I do not own PS, so the use of Photoshop's HDR Pro is not an option.

Is there another HDR plugin/app that is easy to use and reasonably priced?


----------



## JulieM (Sep 5, 2012)

Hi,

HDRSoft (the makers of Photomatix Pro) have a new plugin for Lightroom 4 which creates a 32-bit merged file.  It's extremely simple to use but since it only produces a merge of the bracketed exposures, you'll have to apply processing in Lightroom or elsewhere to achieve your desired HDR effect.  My personal opinion is that it is very effective if you aren't looking for a highly stylized HDR look.  At $29, I believe it is more reasonably priced than the applications in which you can also do the stylizing. Here's the link:

http://www.hdrsoft.com/download/merge_lrplugin.html

A brief FAQ on the plugin is found HERE.


----------



## DaveS (Sep 5, 2012)

Hello.

  Photomatix is fairly reasonable and will work from lightroom.   Also, they have a new Merge to 32-bit HDR plug in for Lightroom.   You select the bracket files, and in the export menu is a new Merge to 32 bit HDR option.   It does it's thing and then returns to lightroom where you can then use the lightroom develop module on the resulting 32 bit HDR file.   All in all, works fairly well.    You don't actually go into photomatix to do any work with it.   It's a quick round trip process and then it's off to the develop module.

Dave.


----------



## LouieSherwin (Sep 11, 2012)

Nik Software also has HDR Efex Pro that works in Lightroom.

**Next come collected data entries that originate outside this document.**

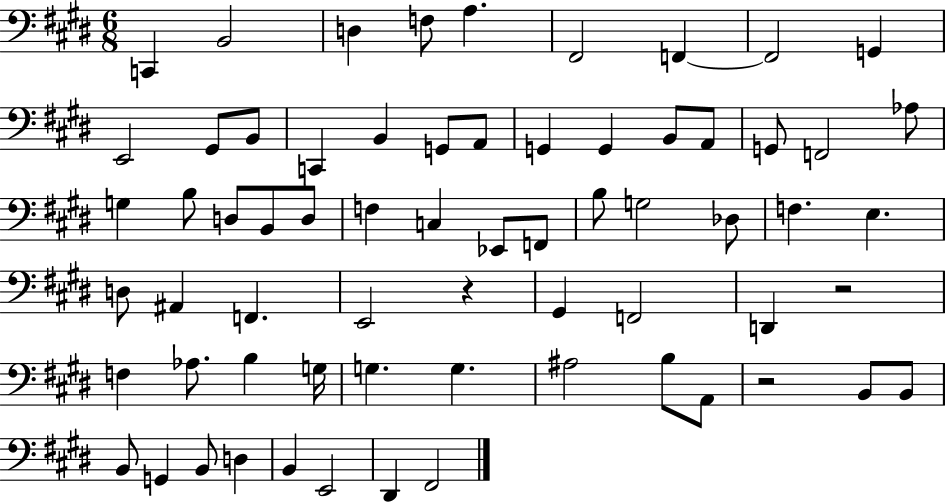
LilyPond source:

{
  \clef bass
  \numericTimeSignature
  \time 6/8
  \key e \major
  \repeat volta 2 { c,4 b,2 | d4 f8 a4. | fis,2 f,4~~ | f,2 g,4 | \break e,2 gis,8 b,8 | c,4 b,4 g,8 a,8 | g,4 g,4 b,8 a,8 | g,8 f,2 aes8 | \break g4 b8 d8 b,8 d8 | f4 c4 ees,8 f,8 | b8 g2 des8 | f4. e4. | \break d8 ais,4 f,4. | e,2 r4 | gis,4 f,2 | d,4 r2 | \break f4 aes8. b4 g16 | g4. g4. | ais2 b8 a,8 | r2 b,8 b,8 | \break b,8 g,4 b,8 d4 | b,4 e,2 | dis,4 fis,2 | } \bar "|."
}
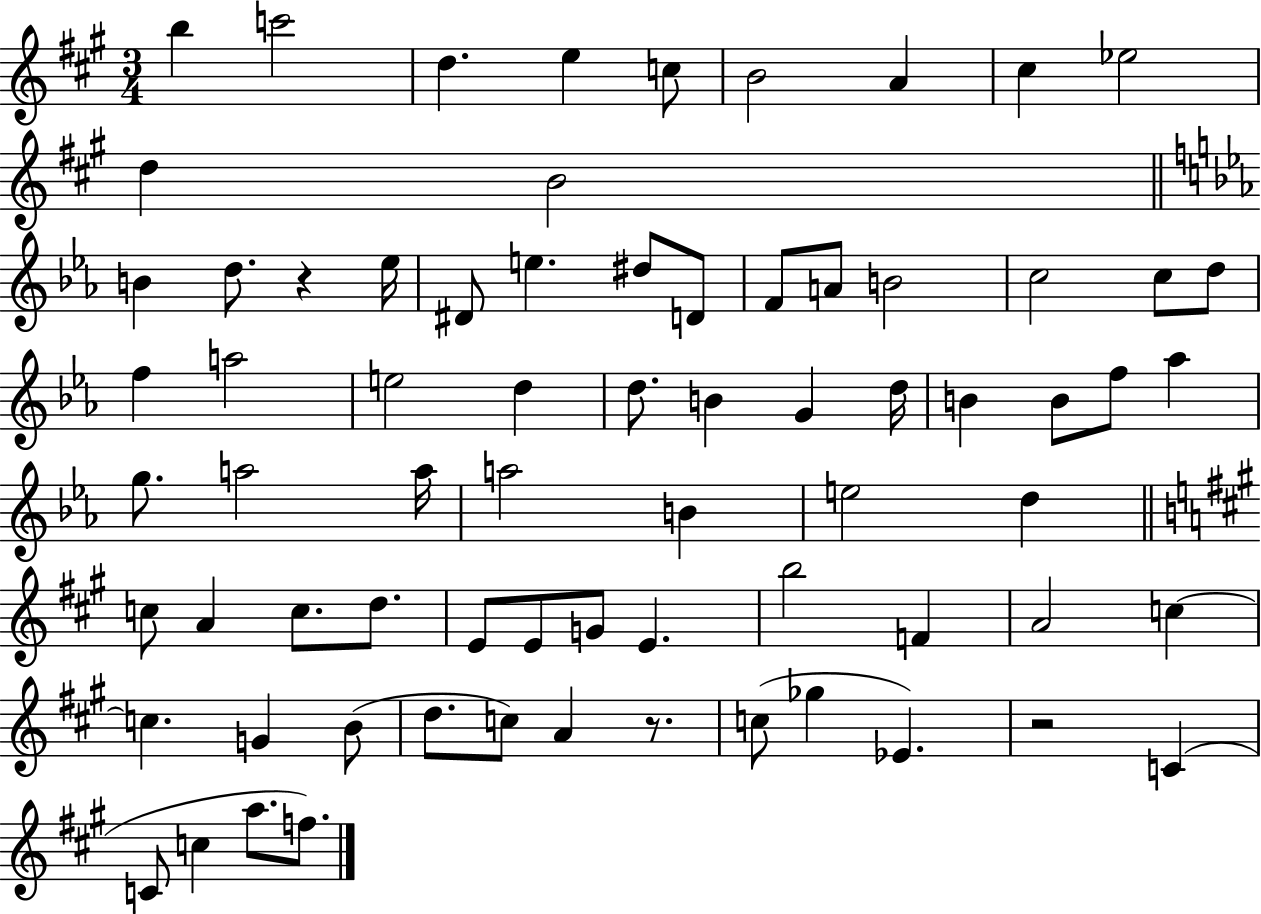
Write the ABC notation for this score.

X:1
T:Untitled
M:3/4
L:1/4
K:A
b c'2 d e c/2 B2 A ^c _e2 d B2 B d/2 z _e/4 ^D/2 e ^d/2 D/2 F/2 A/2 B2 c2 c/2 d/2 f a2 e2 d d/2 B G d/4 B B/2 f/2 _a g/2 a2 a/4 a2 B e2 d c/2 A c/2 d/2 E/2 E/2 G/2 E b2 F A2 c c G B/2 d/2 c/2 A z/2 c/2 _g _E z2 C C/2 c a/2 f/2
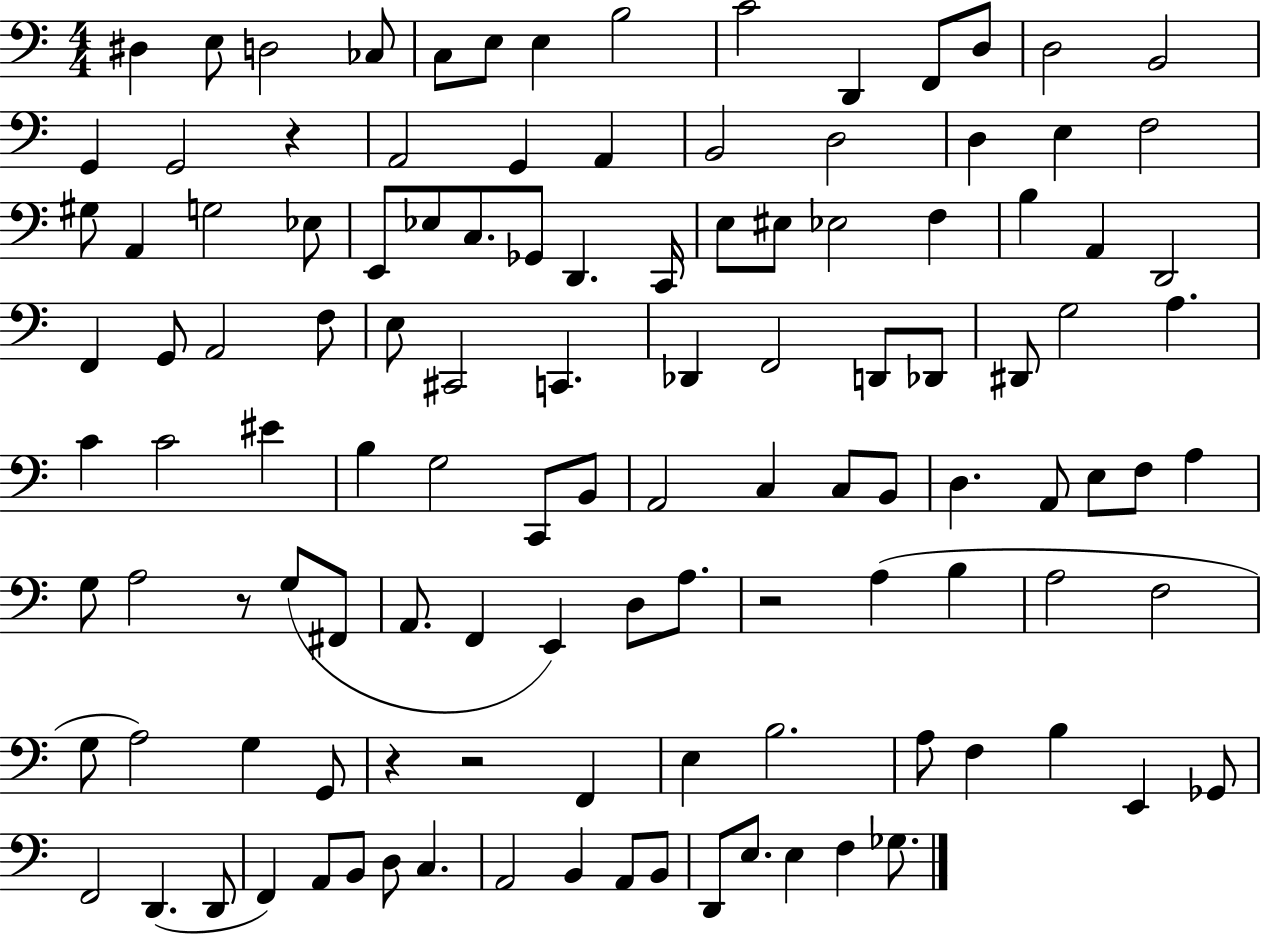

They just released a new version with a lot of improvements in the tone mapping and in the user interface. 

A trial is available on their website: www.niksoftware.com


----------



## baphoto (Sep 19, 2012)

I second Nik's HDR Efex Pro 2.


----------



## ukbrown (Sep 19, 2012)

I have used this and it works, can produce pretty good results http://www.photographers-toolbox.com/products/lrenfuse.php it's very cheap !!!!


----------



## Katherine Mann (Oct 15, 2012)

If you don't want to purchase anything there is always a very nice pseudo HDR effect put together by Matt Kloskowski here: http://lightroomkillertips.com/category/presets/page/2/

Tim Ames' Enfuse mentioned above is very good as well.


----------